TERREBONNE PARISH, La. — Tents are still temporary housing in parts of Southern Terrebonne Parish, a full month after Hurricane Ida ripped through homes.
“The housing crisis is horrible right now,” said District 8 Councilmember Dirk Guidry. “It’s just sad to see these people, hardworking people, that use to have a place to live that is on the streets now.”
Guidry represents the Chauvin and Cocodrie areas. He says he already knows of 700 people in need of temporary housing in his district alone. A need even greater across the parish.
“It would probably take 1,800 campers, just right now, to take care of that,” said Guidry.
So far, he says not even one has shown up, even though he was told weeks ago 1,500 campers would be brought in.
“The people right now, I feel like the government has let them down, not only the federal government but the state government.

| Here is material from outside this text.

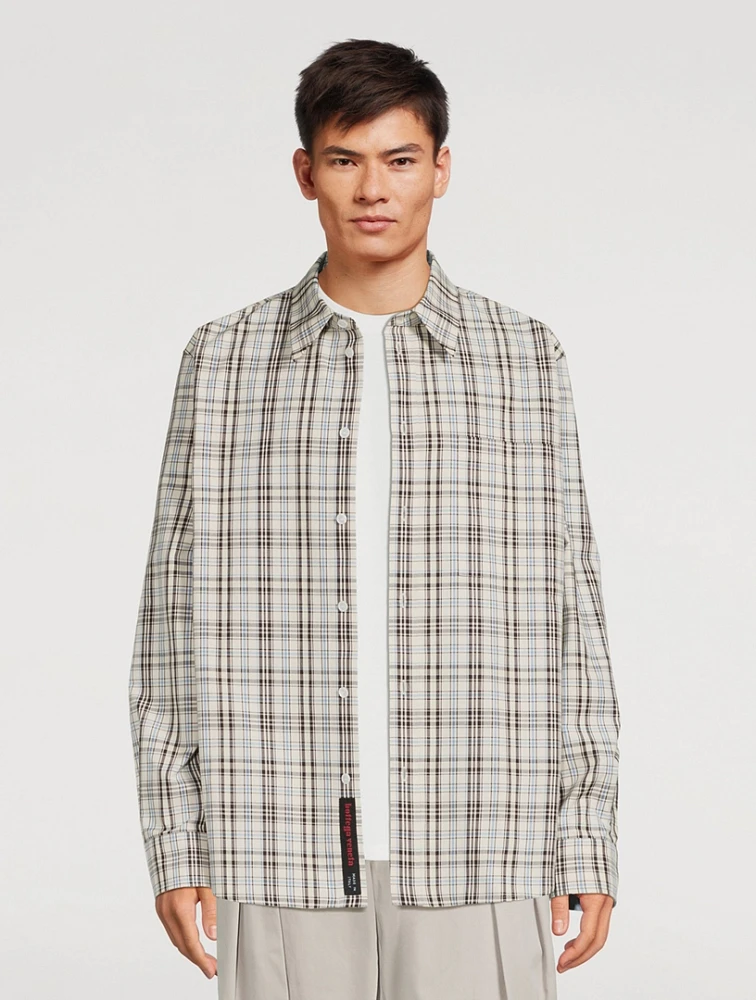 Checked Cotton Shirt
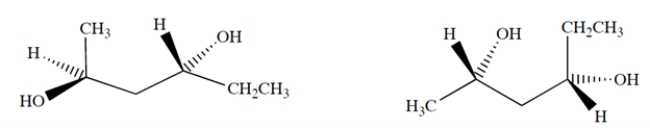 <strong>Examines these two molecules: The molecules are ___________.</strong> A) identical B) enantiomers C) diastereomers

There’s nothing coming,” said Guidry.
“The fastest thing that FEMA can do is to provide money,” said John Mills, who is part of the FEMA Incident Management Assistance Team.
Mills says because FEMA must follow local and state laws and regulations, providing rental assistance and hotel stays, wherever they can be found, are the best options right now.
“Just across Terrebonne and Lafourche Parishes we’ve provided more than $112 million across those two parishes,” said Mills. “About $62 million in Terrebonne and more than $50 million in Lafourche.”
Mills says trailers are a possible option, but setting them up in flood zones, during hurricane season creates challenges.
“That can require construction work and that can take some time,” said Mills.
Guidry says FEMA did find his neighbor, who is sleeping in her truck, a hotel, but there’s a problem.
“It’s in Gulfport, Mississippi so there’s really no way you can take care of your home three hours away,” said Guidry.
Guidry says folks want to stay on their property, something folks in lower Jefferson Parish want as well. Parish President Cynthia Lee Sheng says getting trailers in place is all talk right now, no action.
“Things are moving but of course for those of us here on the ground, it’s always too slow because you know the need is just so immediate,” said Sheng.
An immediate need that so far comes with no immediate solution. Governor Edwards says the slow process is not satisfactory and is pushing FEMA every day to begin the process of getting trailers in place.
“It has been frustrating for everyone involved but I believe we’re going to see some movement on that very soon,” said Edwards.